Task to carry out -> The entries below contain pictures, which are to be left out; write out exactly, and only, the lines from the line with "Manisa’da sulama göletine giren kişi boğuldu" up to and including the line with "Дом в Пензенская".

Study material ->
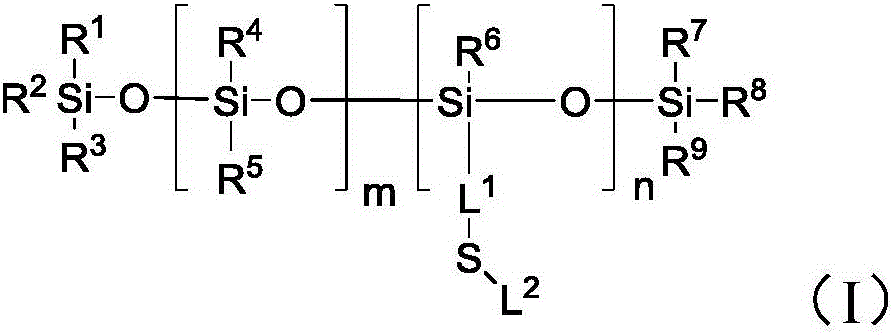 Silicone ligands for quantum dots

---

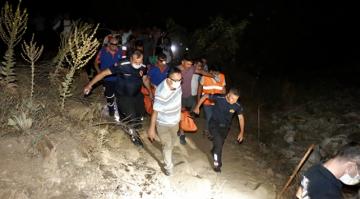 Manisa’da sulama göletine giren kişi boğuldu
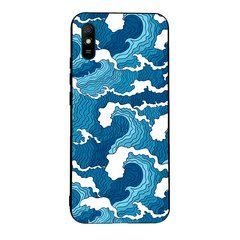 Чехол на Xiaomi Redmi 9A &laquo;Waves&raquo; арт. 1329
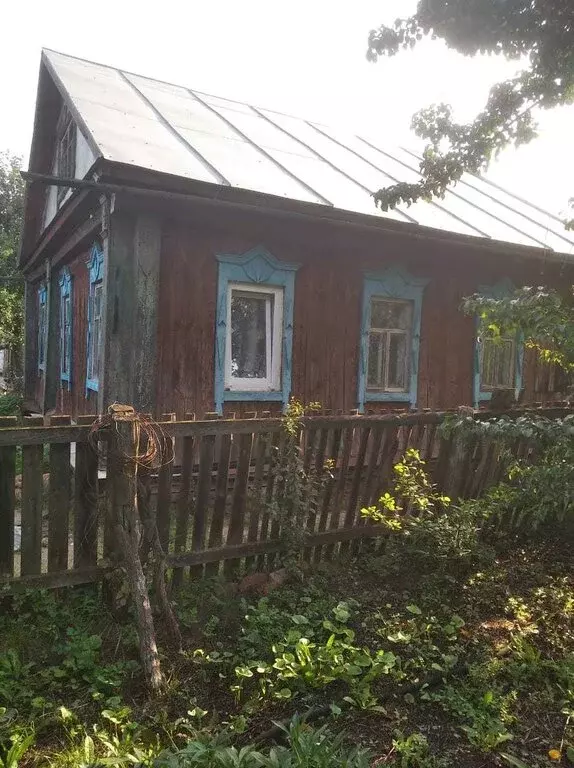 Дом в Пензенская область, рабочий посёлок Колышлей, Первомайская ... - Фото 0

Answer for this exercise ->
 Manisa’da sulama göletine giren kişi boğuldu
 Чехол на Xiaomi Redmi 9A &laquo;Waves&raquo; арт. 1329
 Дом в Пензенская область, рабочий посёлок Колышлей, Первомайская ... - Фото 0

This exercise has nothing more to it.